─── DATA FOR THIS TASK ───

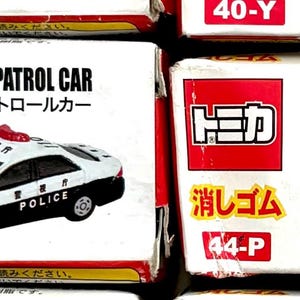 May include: Two toy car boxes. One box features a white and black Toyota Crown Patrol Car with the word "POLICE" on the side. The other box shows a white and black Mazda RX-8 Patrol Car.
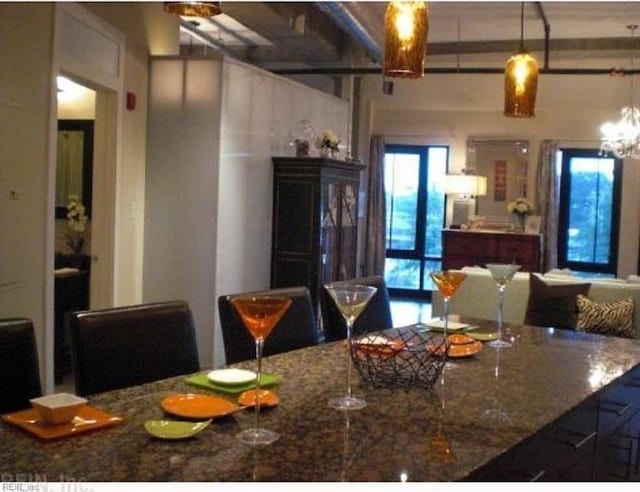 dining space with a chandelier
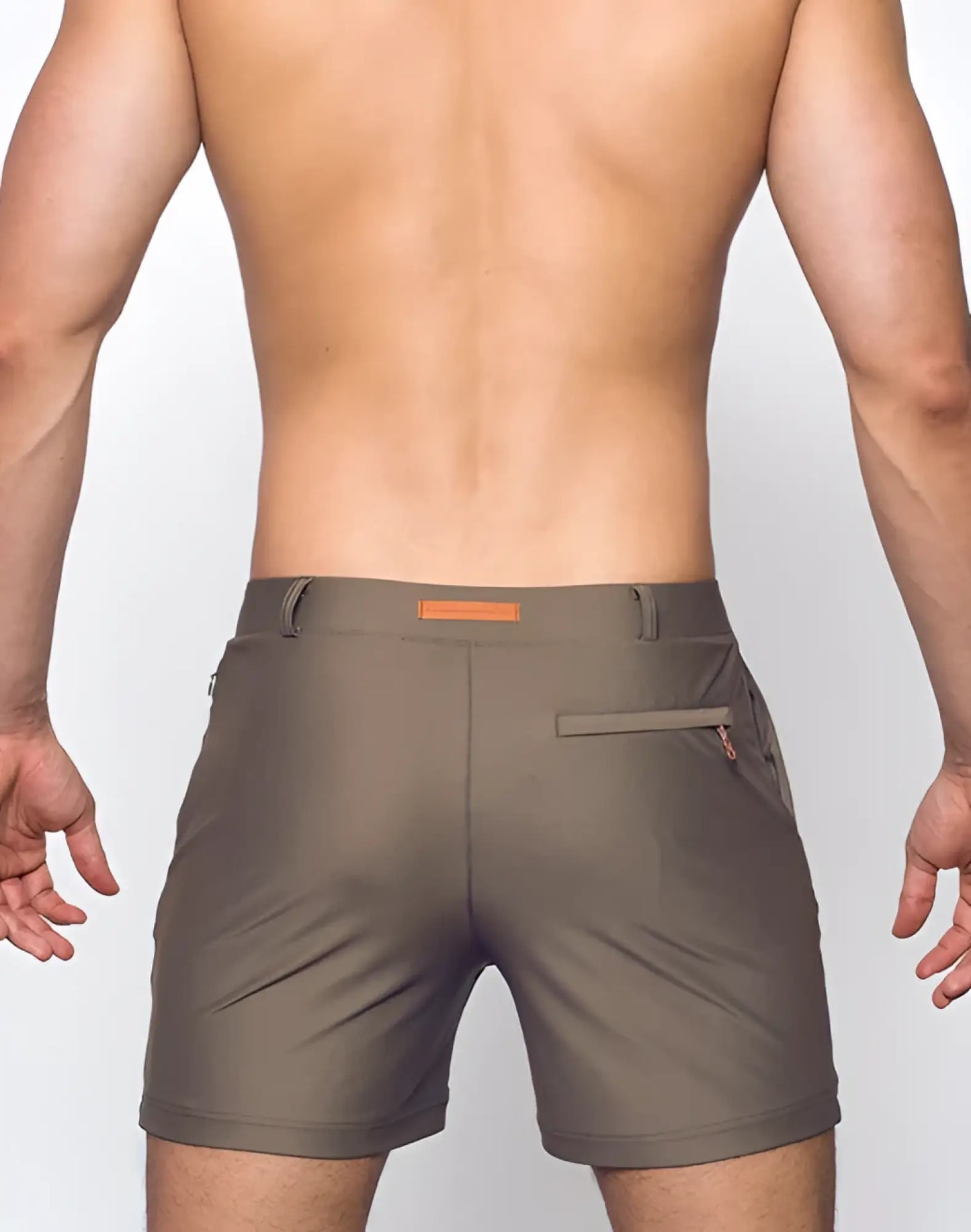 Olive green bondi shorts with subtle orange belt loop and zipper pocket detail for casual wear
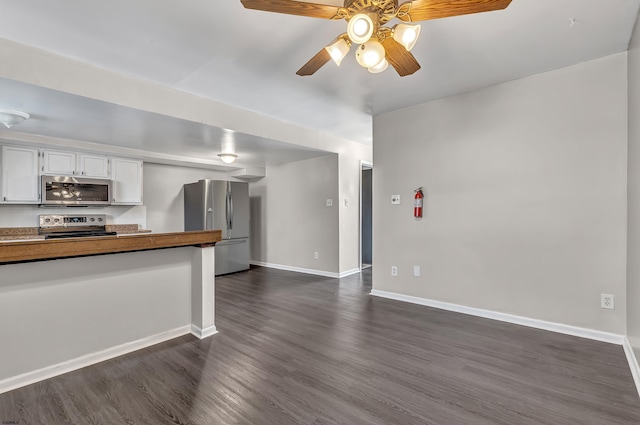 kitchen featuring white cabinetry, stainless steel appliances, dark hardwood / wood-style floors, and ceiling fan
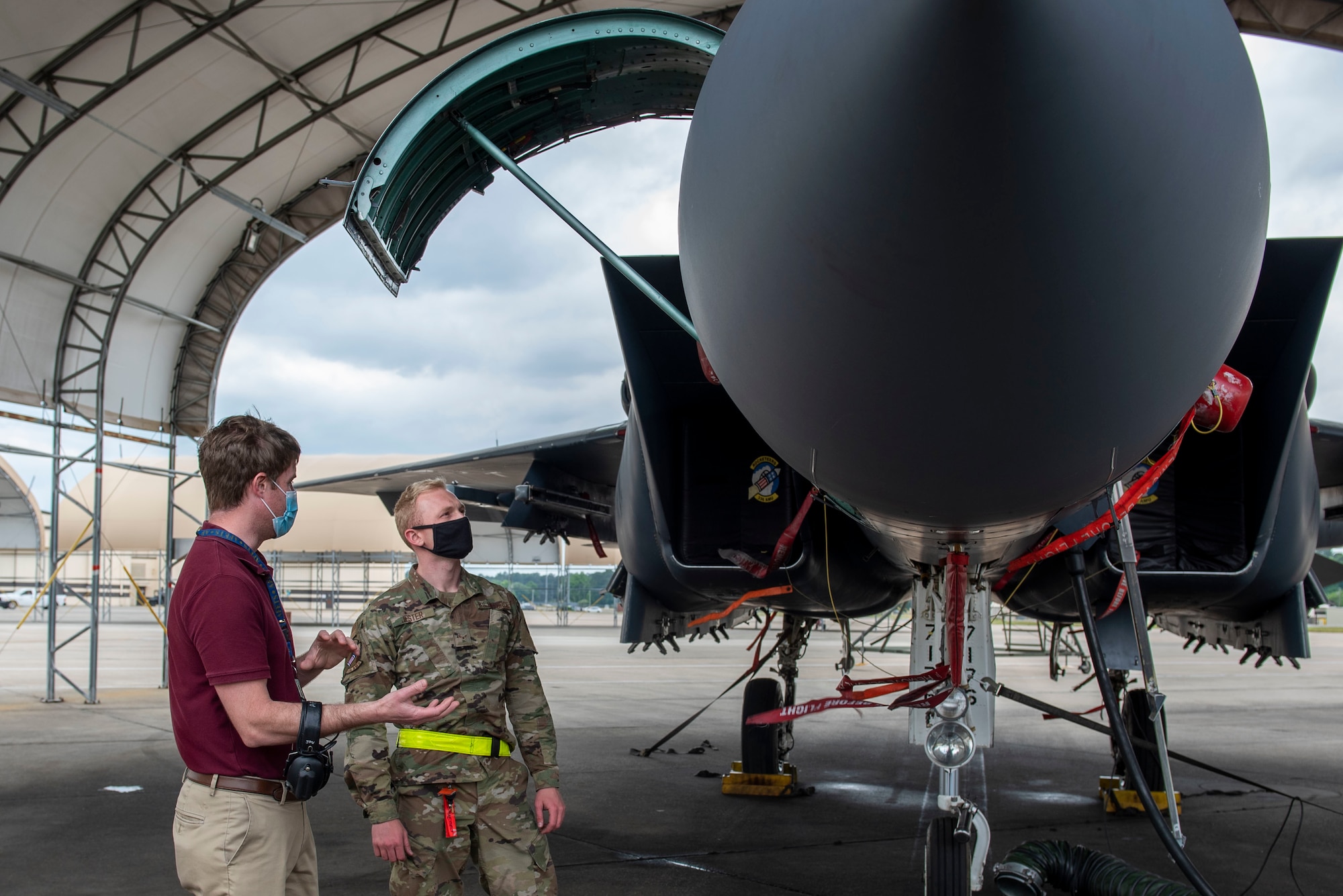 Josh Winowiecki, left, Air Force Engineering and Technical Services lead and avionics specialist, teaches Airman 1st Class Nathan Jester, 336th Fighter Squadron avionics technician, about a new avionics’ modification on the F-15E Strike Eagle at Seymour Johnson Air Force Base, North Carolina, May 6, 2021.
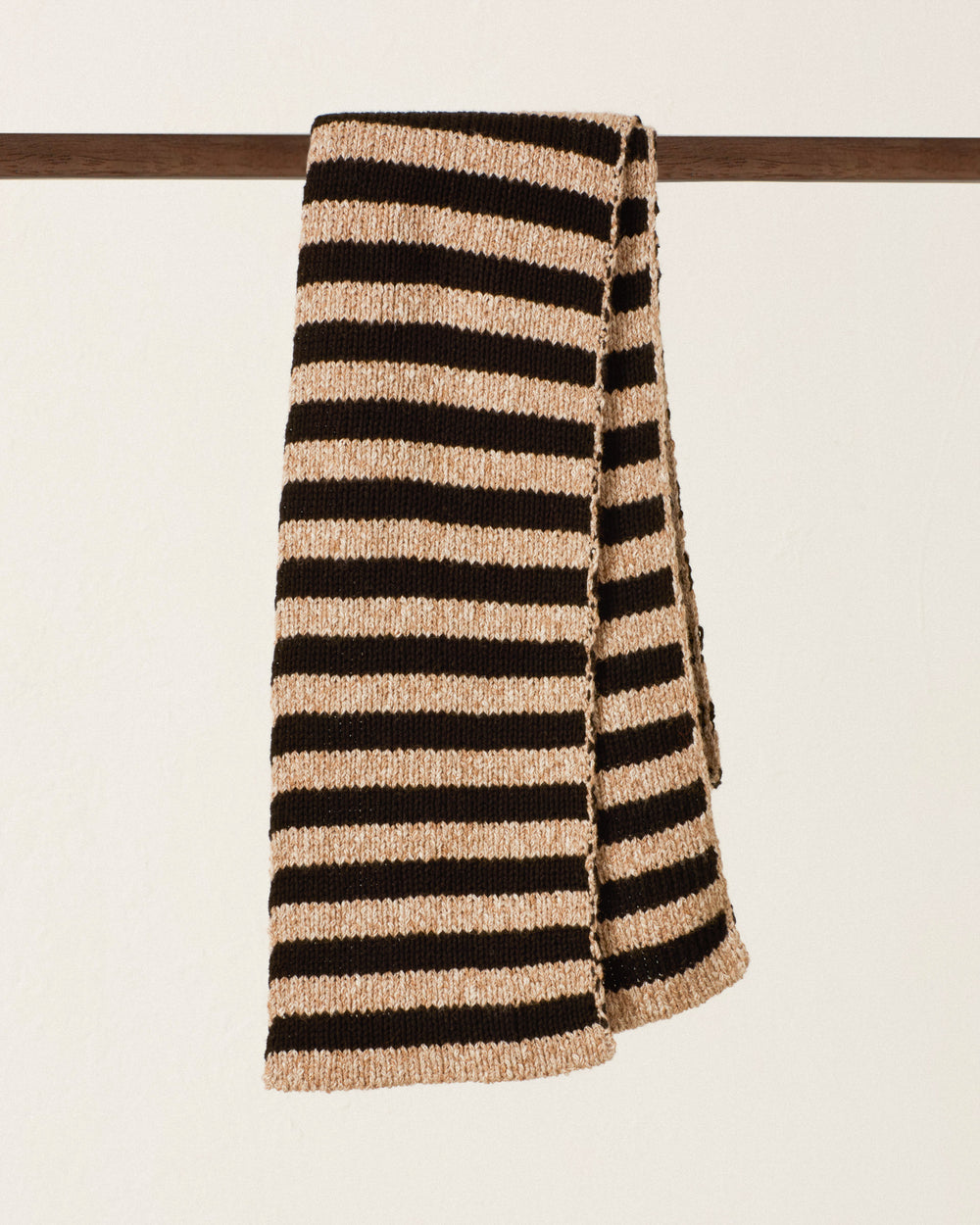 The Elowen Zebra Stripe Scarf, featuring cozy horizontal black and beige bands, is draped over a dark wooden rod against a plain light-colored background.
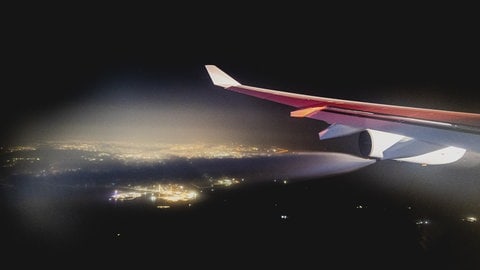 Flugzeug fliegt bei Nacht und lässt Kerosin ab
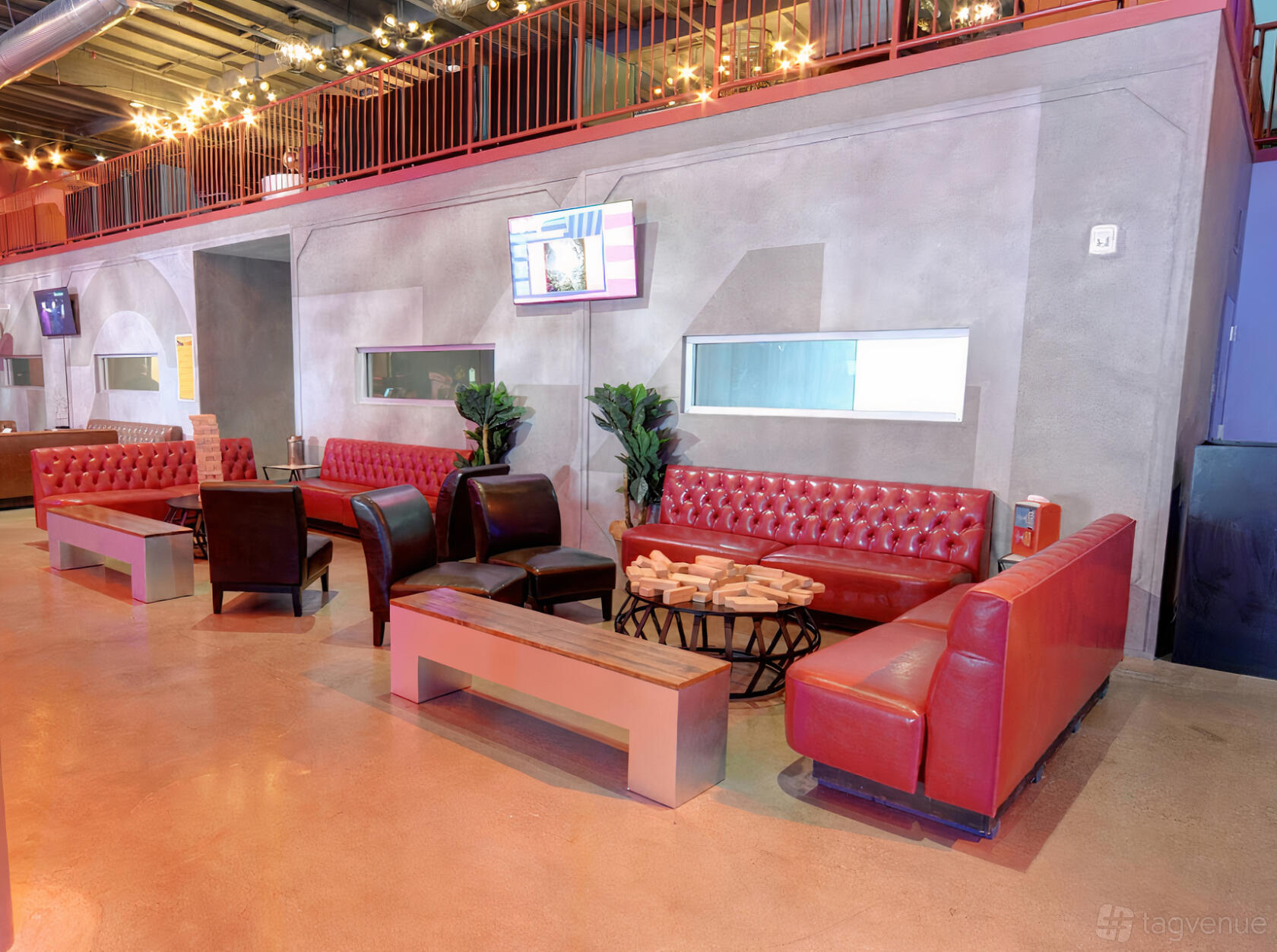 An event venue lounge with red tufted sofas, leather chairs, plants, and a Jenga game table at Two Bit Circus.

───

Pictures do not belong in the copy. Reproduce the rest of the data exactly.

 May include: Two toy car boxes. One box features a white and black Toyota Crown Patrol Car with the word "POLICE" on the side. The other box shows a white and black Mazda RX-8 Patrol Car.
 dining space with a chandelier
 Olive green bondi shorts with subtle orange belt loop and zipper pocket detail for casual wear
 kitchen featuring white cabinetry, stainless steel appliances, dark hardwood / wood-style floors, and ceiling fan
 Josh Winowiecki, left, Air Force Engineering and Technical Services lead and avionics specialist, teaches Airman 1st Class Nathan Jester, 336th Fighter Squadron avionics technician, about a new avionics’ modification on the F-15E Strike Eagle at Seymour Johnson Air Force Base, North Carolina, May 6, 2021.
 The Elowen Zebra Stripe Scarf, featuring cozy horizontal black and beige bands, is draped over a dark wooden rod against a plain light-colored background.
 Flugzeug fliegt bei Nacht und lässt Kerosin ab
 An event venue lounge with red tufted sofas, leather chairs, plants, and a Jenga game table at Two Bit Circus.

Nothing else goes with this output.